# IMac G5 - Stries écran + extinctions intempestives



## nikos2009 (11 Avril 2009)

Bonjour,

Après maintes recherches, je ne suis tjs pas arrivé à identifier mon problème malgré l'aide du service en ligne Apple ... 

Mon IMac G5 1,8 Mhz (sans Isight- modéle fin 2004- serie W8450) s'éteint de façon intempestives depuis 1 mois : 1- soit lors de la phase de démarrage (nécessite plusieurs redémarrages), 2- soit après une veille écran de longue durée (+ d'1 heure). 

En parallele, j'ai remarqué également de petites stries horizontales qui apparaissent (facon "broullage TV") sur l'écran pendant les 15 premières secondes du lancement systeme.
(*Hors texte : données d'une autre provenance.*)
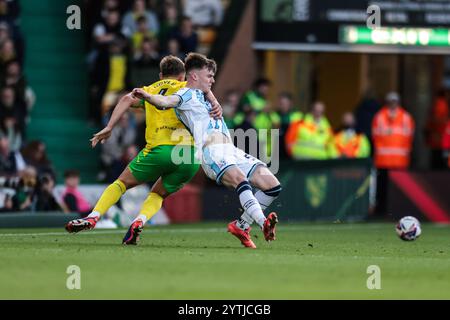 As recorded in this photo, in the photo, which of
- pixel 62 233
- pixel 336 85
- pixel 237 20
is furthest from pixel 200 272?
pixel 336 85

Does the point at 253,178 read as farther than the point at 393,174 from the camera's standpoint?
No

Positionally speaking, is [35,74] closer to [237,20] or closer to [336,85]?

Une re-installation systeme 10.5 a été faite avec un test hard-soft (RAS) +  SMU. Les condensateurs de la CM n'ont pas encore gonflés...

Causes probables (d'après infos recueillies):
1- Sondes température ou poussière dans ventilos ? (lors du lancement le Mac était à l'arret donc il n'a pas eu le temps de chauffer !)
2- carte mère ou vidéo ?
3- un remplacement du DD d'origine a été réalisé contre un 500 GO (lien de cause à effet !!)
4- alimentation ?

Qu'en pensez-vous ? Et que me conseillez vous de faire ?
Merci bcp, car je suis complétement perdu ...


----------



## Sly54 (11 Avril 2009)

nikos2009 a dit:


> Causes probables (d'après infos recueillies):
> 1- Sondes température ou poussière dans ventilos ? (lors du lancement le Mac était à l'arret donc il n'a pas eu le temps de chauffer !)
> 2- carte mère ou vidéo ?
> 3- un remplacement du DD d'origine a été réalisé contre un 500 GO (lien de cause à effet !!)
> ...



Hello,

Qqs conseils :
* lis les fils (nombreux) traitant de cette question (tout en bas de cette page)
* prend RV chez un concessionnaire pour qu'il établisse un diagnostique (si c'est la carte mère ou l'alim qui sont défaillants).

Bon courage,


----------



## nikos2009 (11 Avril 2009)

Merci pour ton aide, mais aucun fil ne répond précisément à ce problème. Avant de le déposer chez un concessionnaire (diagnostique 50-60&#8364 j'aurai souhaité avoir l'avis de quelques personnes.


----------



## Sly54 (11 Avril 2009)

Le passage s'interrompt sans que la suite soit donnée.